Dès l’âge de vingt ans, il se fait remarquer en Suède avec une aquarelle très originale « En deuil », où nous voyons une jeune femme au visage de Madone, jeter un regard de côté pensif et grave ; toute la maîtrise technique du jeune artiste s’exprime déjà, par exemple dans la finesse du voile qui cache une partie du visage.
« Les cousines », aquarelle peinte en 1882 en Espagne nous révèle encore davantage tout l’art de cet aquarelliste hors pair, qui arrive à joindre dans la même oeuvre réalisme et onirisme, excellant à rendre la complicité et la séduction de ces deux jeunes femmes.
Ce portrait de sa future femme, Emma Lamm, vue en contre-plongée nous donne un indice de plus sur l’artiste, l’audace avec laquelle il construit ses oeuvres (« Des châteaux en Espagne », 1885)
J’avoue un vrai faible pour l’aquarelle qui suit « Viktor Rydberg » (1886), portrait d’un journaliste, homme politique et écrivain suédois, où la couleur se transforme en grisaille, installant comme une nostalgie sereine.
Cette « Jeune bédouine » (1886), est en fait un « fake » (utilisons des mots de notre temps !), car il s’agit de l’épouse du peintre revêtue d’un costume traditionnel de Constantinople, l’artiste n’étant pas parvenu à faire poser des autochtones.
Le titre dit ici la majorité de l’oeuvre « Le clapotis des vagues » (1887), où nous voyons avec quel art le peintre rend l’eau et ses remous.
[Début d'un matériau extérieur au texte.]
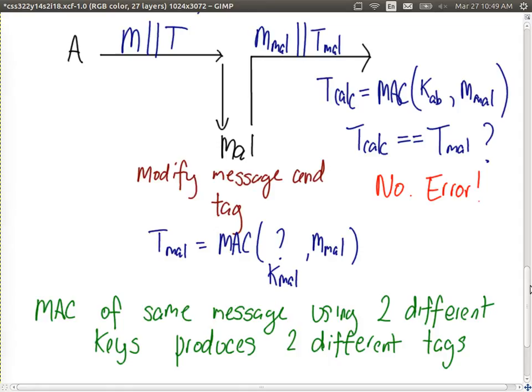There is another way the attacker can try to attack: guess a tag even without the key. If they can find two different messages that produce the same tag, they can be successful. The success of authentication depends on the fact that two different messages produce two different tags. But in theory, because there are more possible messages than tags, some messages will map to the same tag. So the challenge for the attacker is to find two messages that produce the same tag.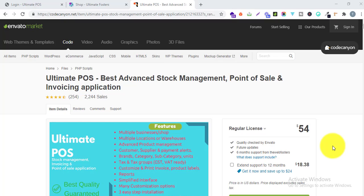Hello all, welcome to the official demo of Ultimate POS. In today's demo we will look into the stock transfer feature — that is, transferring stock from one location to another. So if you have a shop and a warehouse, you can easily transfer stock from your warehouse to your particular shop, or if you have two different shops, you can transfer stock from one shop to another.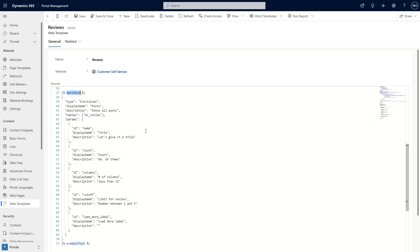You can include as many parameters as you wish, just define the ID, name, and description. Parameters are available in your web template as variables based on their ID.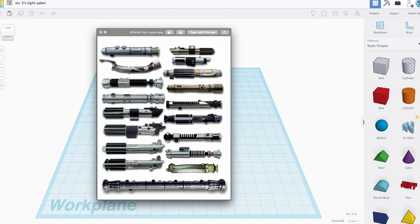In this montage or time-lapse video, I'm going to demonstrate how to create a lightsaber design in Tinkercad. There are tons of different lightsaber designs out there in the Star Wars world or even in the DIY world. Here's just a couple different designs together.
On retrouve également ici sa capacité à capter les lumières dans toutes leurs déclinaisons.
Ce sont les mêmes caractéristiques que nous retrouvons dans l’oeuvre ci-dessous « Dans ma gondole » (1894), peinte à Venise.
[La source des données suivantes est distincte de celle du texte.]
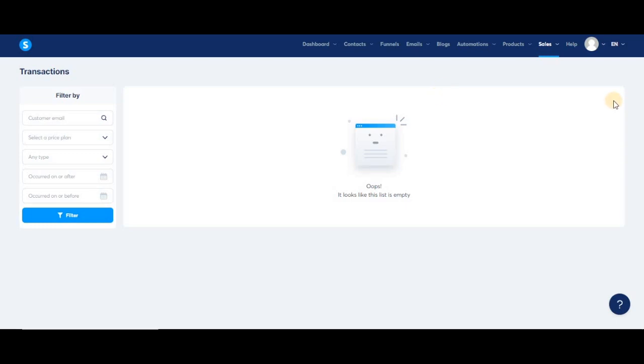Additionally, you'll see the total amount paid by the customer, and at the very end, you'll see a three-dot menu for each transaction where you'll have several options, like manually sending an invoice for the transaction to your customer, viewing the invoice, downloading it, and also refunding the payment.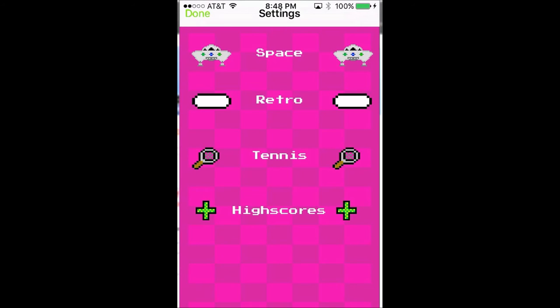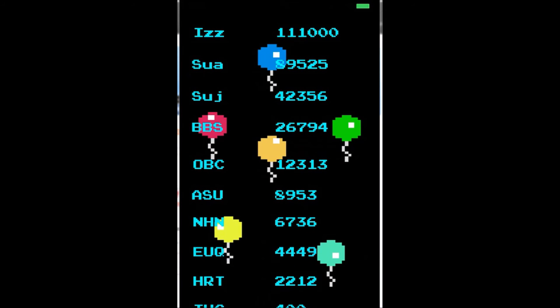Once you lose, you will be asked to provide your name, which will appear on the leaderboard. The leaderboard can be found within the settings menu.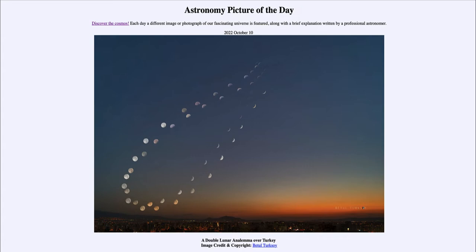So what is an analemma? We've seen pictures of these for the sun before. It is that kind of figure-eight pattern that occurs when you take an image of the sun at the same time of day each day, or at least at regular intervals over the course of a year.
Sur un sujet plus académique, l’affrontement du marbre et de la peau chaude et nacrée du modèle (et pour aller plus loin, la confrontation de l’humain à l’Histoire), fait naître une réelle beauté (« Dans l’atelier de Wickström » 1889).
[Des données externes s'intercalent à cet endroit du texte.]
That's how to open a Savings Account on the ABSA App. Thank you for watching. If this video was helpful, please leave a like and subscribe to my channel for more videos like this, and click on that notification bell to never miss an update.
Portrait non conventionnel d’enfants de la bourgeoisie, « Les filles de Ramon Subercaseaux » (1892) capte les jeunes modèles dans une grande liberté de mouvement.
Même chose pour « Les soeurs Salomon » (1888)
Cette très belle étude d’un corps féminin nimbé du blanc des draps (« Réveil, Boulevard de Clichy », 1892) est toute en délicatesse de nuances.
C’est également un formidable graveur, saisissant en stries nerveuses l’essentiel des contours des visages ou silhouettes et installant un noir et blanc parfois spectaculaire. Nous pourrions presque voir l’âme des protagonistes devant nous.

L’Irlandaise ou Annie (1894)

August Strindberg (1910)

Zorn et sa femme (1893)

La fumeuse (1894)
Une très belle découverte, donc, que j’espère vous avoir fait partager ici.